R v Bristol MagistratesU Court ex p E; QBD (Div Ct) (Simon Brown LJ, Thomas J) 22 June 1998.

An offence of attempting to commit an act of criminal damage existed in law even where, had the act been completed, the offence would have been triable only summarily by virtue of s 22 and Sch 2 to the Magistrates' Courts Act 1980 because the value of the damage was less than pounds 5,000. It had not been an accident in drafting that had led to the inclusion of the offence of "attempting to commit" an offence under s 1 of the Criminal Damage Act 1971 in Sch 2 of the 1980 Act. Merely because the completed offence had to be proceeded with on a summary only basis, did not mean it was a summary offence. The completed offence was an indictable offence within the definition contained in the Interpretation Act 1978.

Simon Goodman (Douglas & Partners, Bristol) for the applicant; Kerry Barker (CPS, Bristol) for the Crown.

County Court practice

Black v Doncaster Metropolitan Borough Council; CA (Stuart Smith, Swinton Thomas, Ward LJJ) 23 June 1998.

A judge, when deciding whether to order payment out under CCR Ord 11 r 1 where a plaintiff had asked for payment outside the limitation period, had to apply the principles found in the corresponding High Court provision, RSC Ord 22 r 5. Although the language was different the effect was the same, namely, that once there had been a substantial alteration in the circumstances, payment out should not be ordered. A change in the law which resulted in the defendants having to pay the Compensation Recovery Unit pounds 15,000 more to dispose of the plaintiff's claim than they were prepared to pay out constituted such a substantial alteration in circumstances.

John McNeill (Hammond Suddards, Leeds) for the defendants; Timothy Hurst (Frank Allen Pennington, Doncaster) for the plaintiff.

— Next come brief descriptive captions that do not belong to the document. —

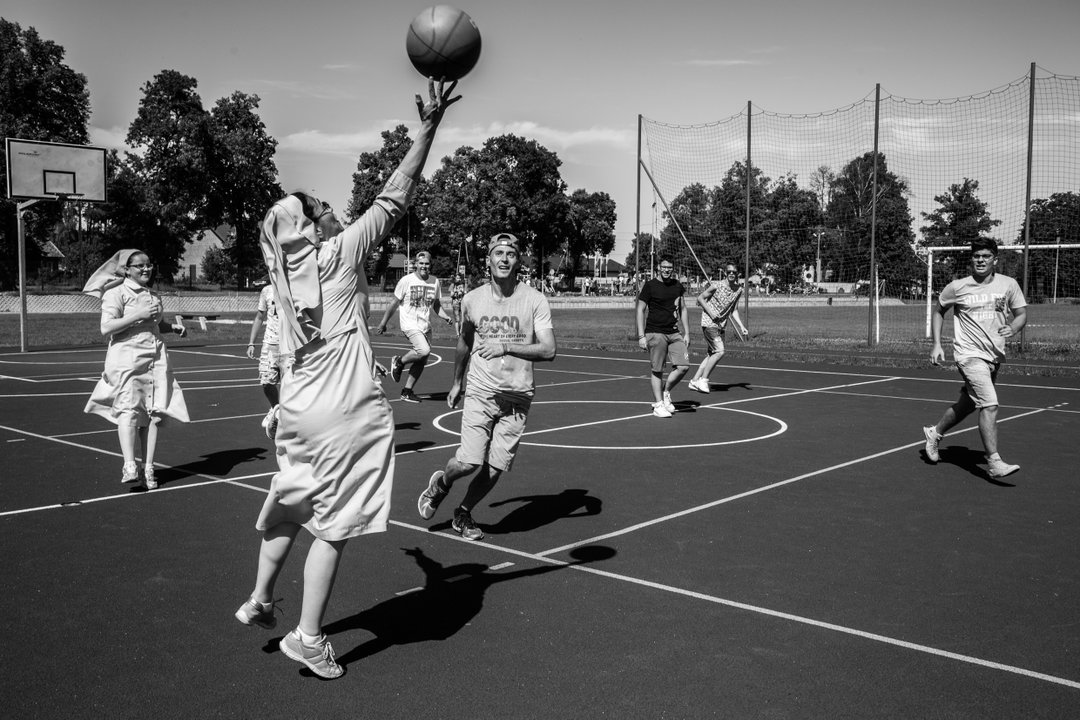 valeria-luongo-a-sisterhood-photography-itsnicethat-01.jpg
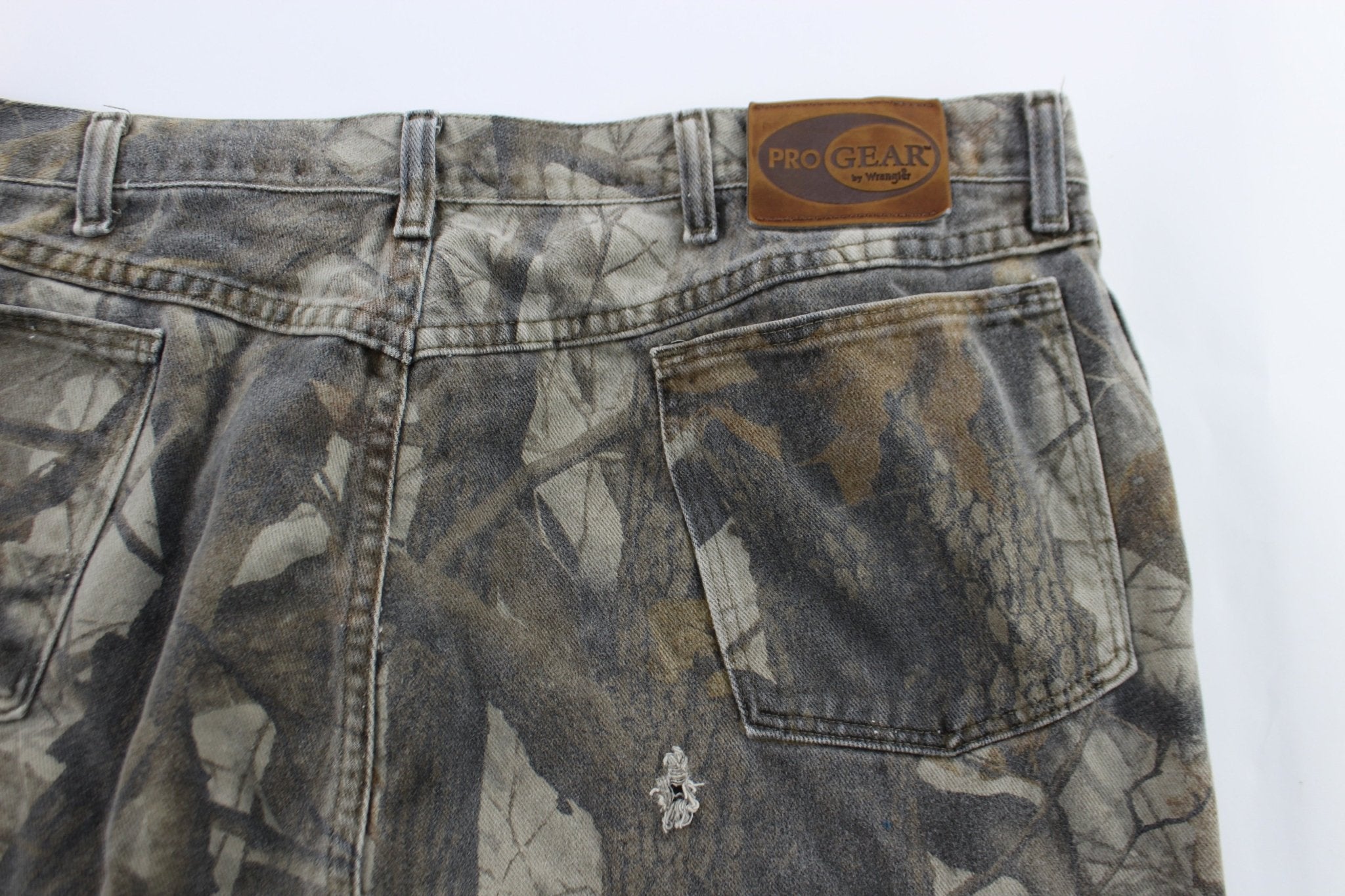 Wrangler Pro Gear Realtree Hardwood Camo Pants - ThriftedThreads.com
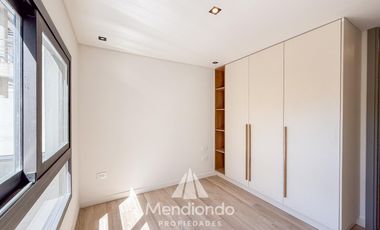 Piso 4 amb. Balcón terraza con parrilla 2 cocheras. Categoría. Zona Güemes. Barrio Los Troncos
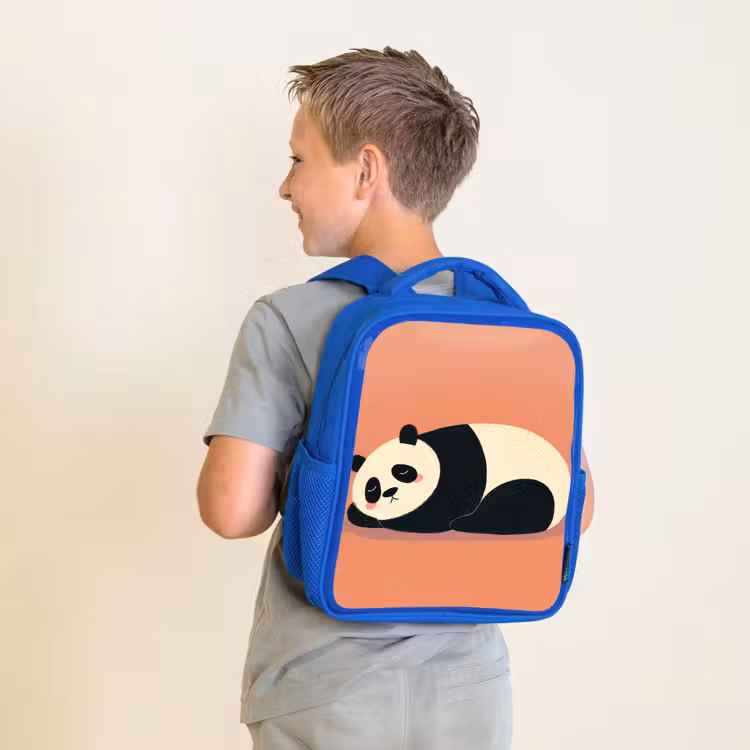 Panda - Slaap - Oranje Kinderrugzak - Blauw middel -sfeer2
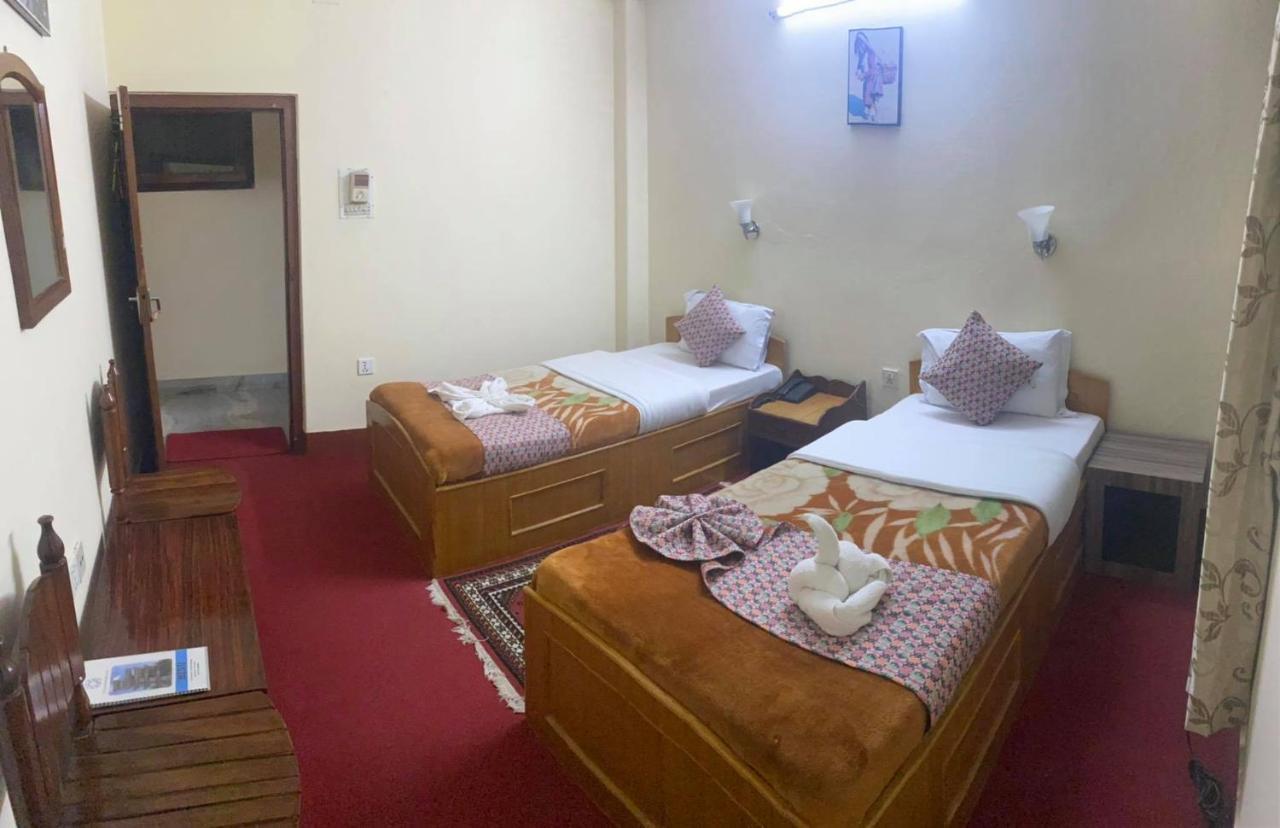 Hotel Blue Magnet Pokhara Buitenkant foto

R v Kent Youth Court, ex p K; QBD (Div Ct) (Simon Brown LJ, Thomas J) 23 June 1998.

Where a youth court passed sentences in respect of offences committed by a juvenile, by virtue of s 1A of the Criminal Justice Act 1982 each sentence had to be of at least two months' detention. It was clear from the predecessor legislation that a sentence was passed for an offence and not a series of offences, the only difference between the old section and the inserted section being that the inserted section distinguished between offenders of different ages. It was not possible, therefore, for justices to sentence a youth charged with a number of offences to six months' detention in respect of one offence and sentences of one month each in respect of two other offences to run consecutively.

John Lyons (Taylor Nichol) for the applicant; Peter Gower (CPS) for the Crown.

Interim payment

Sharp v Pereira & anr; CA (Lord Woolf MR, Millett, Pill LJJ) 24 June 1998.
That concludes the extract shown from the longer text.